Again, Zetha struck first with a slash and D’Argen dodged under it with a turn of his body. Acela’s blade slid across his open shoulder and her blade dug deep. Even though Acela had a shorter reach and a shorter sword both, her blade did not miss as Zetha attacked once more. D’Argen was able to duck under the heavier blade but he had never fought against an opponent like this and the gold sword cut lines into his robes and skin and deeper still.

He wondered for a moment if this was how the demons had felt when Thar’s shade danced around him and killed them.

Then he remembered the demons.

He raised his arms to try and block Zetha’s blade from cutting his head. It hit stone and bounced off. Stone. Not the metal of his bracers. Acela’s golden sword also bounced off the stone shield that appeared in the air between them. Both Zetha and Acela stepped back and stared at the shield in fear. It unfurled.

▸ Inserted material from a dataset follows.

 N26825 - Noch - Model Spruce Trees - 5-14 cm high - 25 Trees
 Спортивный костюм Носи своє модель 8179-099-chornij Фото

When the shield’s head came up, it opened a dozen eyes to stare at Zetha, Acela, and D’Argen. They swiveled around its face like they had no fixed point and each of them moved to look at those surrounding them. D’Argen did not dare tear his eyes away from the demon. Its head disappeared back into his shield-like circular body, the only soft spot this demon had.

D’Argen jumped back and away from it. He eyed his sword in the grass a few steps away. It had not sunken below. The demon’s form moved like a wheel, cutting a deep furrow into the grass as it started spinning on the spot. Then, it started circling around D’Argen, spinning in ever growing circles. Every step he took and the demon continued to surround him, keeping him always at its centre. His boot touched the silver steel of his sword. He twitched toward it. The demon pivoted and shot right at where Zetha and Acela still stood as one.

Zetha raised his shield and the demon hit him hard. He slid back in the grass, creating deep furrows. The demon kept spinning in the air as its stone surface tried to cut through Zetha’s shield. Acela stepped away from his form and her sword was true when she struck into the spinning body at just the right time. The sword went flying out of her hand and into the air but the demon stopped its attack and then collapsed. Its foul blood quickly stained the ground before it too disappeared.

A moment later, Acela’s sword fell back to the earth and struck deep.

D’Argen slowly rose from his crouch, sword in hand. He did not dare tear his eyes away from his queen and king. The look they both gave him was one of disgust.

But hey.

It worked.

He shrugged lightly and then raised his sword and stabbed right down into his stomach.